Felsefe, mantık, astronomi, tıp ve matematik konularında da eserler yazan Râzî ilimler tarihi araştırmalarına konu olmuştur. Felsefe ve tabiat ilimleri alanında geniş ölçüde faydalandığı İbn Sina'dan etkilenmesine rağmen atom nazariyesiyle feyiz ve sudur teorisi başta olmak üzere bazı konularda onu eleştirmiştir. İbn Haldun'a göre, kelâm âlimleri içinde mantığı bir alet olmaktan çok bağımsız bir ilim dalı kabul eden ilk âlim Fahreddin er-Razi'dir (Mukaddime, III, 1140-1141).
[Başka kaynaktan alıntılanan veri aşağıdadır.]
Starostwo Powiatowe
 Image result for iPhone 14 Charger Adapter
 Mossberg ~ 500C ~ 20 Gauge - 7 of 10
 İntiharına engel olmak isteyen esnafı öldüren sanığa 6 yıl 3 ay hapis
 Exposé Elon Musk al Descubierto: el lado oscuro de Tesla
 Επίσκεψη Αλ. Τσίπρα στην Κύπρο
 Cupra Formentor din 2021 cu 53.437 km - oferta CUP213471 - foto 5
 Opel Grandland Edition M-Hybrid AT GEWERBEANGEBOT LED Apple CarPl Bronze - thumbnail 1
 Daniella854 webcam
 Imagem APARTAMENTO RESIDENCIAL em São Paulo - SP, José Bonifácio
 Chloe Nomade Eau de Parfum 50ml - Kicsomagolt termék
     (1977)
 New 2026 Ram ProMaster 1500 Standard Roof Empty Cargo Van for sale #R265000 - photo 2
Onun kuvvet, hareket, ışık ve ses konularındaki görüşleri önemli bulunmuş, matematiğe dair eserleriyle devrinin matematikçileri arasında sayılmıştır (M. Sâlih ez-Zerkân, s. 41-53).
Arap dili ve edebiyatı alanında Hz. Ali'ye nispet edilen şiirlerle Ebü'l-Alâ el-Maarrî'nin şiirlerinden etkilenen Razi, Şerîf er-Radî'nin eseri Nehcü'l-belâga'yı şerhetmiş, belâgatta Abdülkâhir el-Cürcânî'ye ait Delâ'ilü'l-i'câz ile Esrârü'l-belâga adlı eserleri birlikte ihtisar edip yeniden düzenlemiş, Zemahşerî'nin el-Mufassal'ını şerhetmiştir. Ayrıca orta seviyede Arapça ve Farsça şiirler yazıp nahve dair eser de vermiştir (Safedî, IV, 248-249).
Tasavvufa Bakışı
Razi'nin tasavvufa ilgi duyduğu, bunda çoğunlukla Eş'ari âlimlerinin tasavvufa meyletmiş olmalarının yanı sıra babasının da aynı yolu seçmesinin ve büyük çapta faydalandığı Gazzâlî'nin önemli tesiri olduğu belirtilmektedir. Tefsirinde yer yer işârî teviller yapması, Kur'an'da söz ve yazıyla ifade edilmesi mümkün olmayan sırların, tevhidin en yüksek mertebesinde bulunduklarını söylediği ehl-i keşf tarafından bilinebileceğini belirtmesi (Mefâtîhu'l-gayb, I, 6, 220; 'Acâ'ibü'l-Kur'ân, s. 99) onun tasavvufî temayülünün işaretleri olarak görülmüştür. Ünlü sûfî İbnü'l-Arabî'nin Râzî'yi tasavvuf yoluna girmeye davet eden mektuplar yazdığı da bilinmektedir. Taşköprizâde, kaynağı meçhul bir rivayet naklederek onun Necmeddîn-i Kübrâ'ya intisap edip müşahede ehli arasına giren bir sufi olduğunu söylemiştir (Miftâhu's-sa'âde, II, 117, 122-127). Çağdaş yazarlardan Muhsin Abdülhamîd de Razi'nin evrâdü ezkâra devam eden bir sufi olduğunu savunmasına karşılık Süleyman Uludağ onun bir sûfî olarak kabul edilemeyeceğini ileri sürer (Fahrettin Razi, s. 105-106). Razi'nin bir tarikata intisap ettiğine dair yeterli bilgiler yoksa da eserlerinde insanda kutsiyet gücünün bulunduğunu ve sadece keşf ehlinin bilebileceği ilâhî sırların mevcudiyetine ilişkin görüşleri savunduğunu dikkate alarak onun sufîliği benimseyen, en azından tasavvufî düşünce ve hayata değer veren bir düşünür olduğu söylenebilir."[1]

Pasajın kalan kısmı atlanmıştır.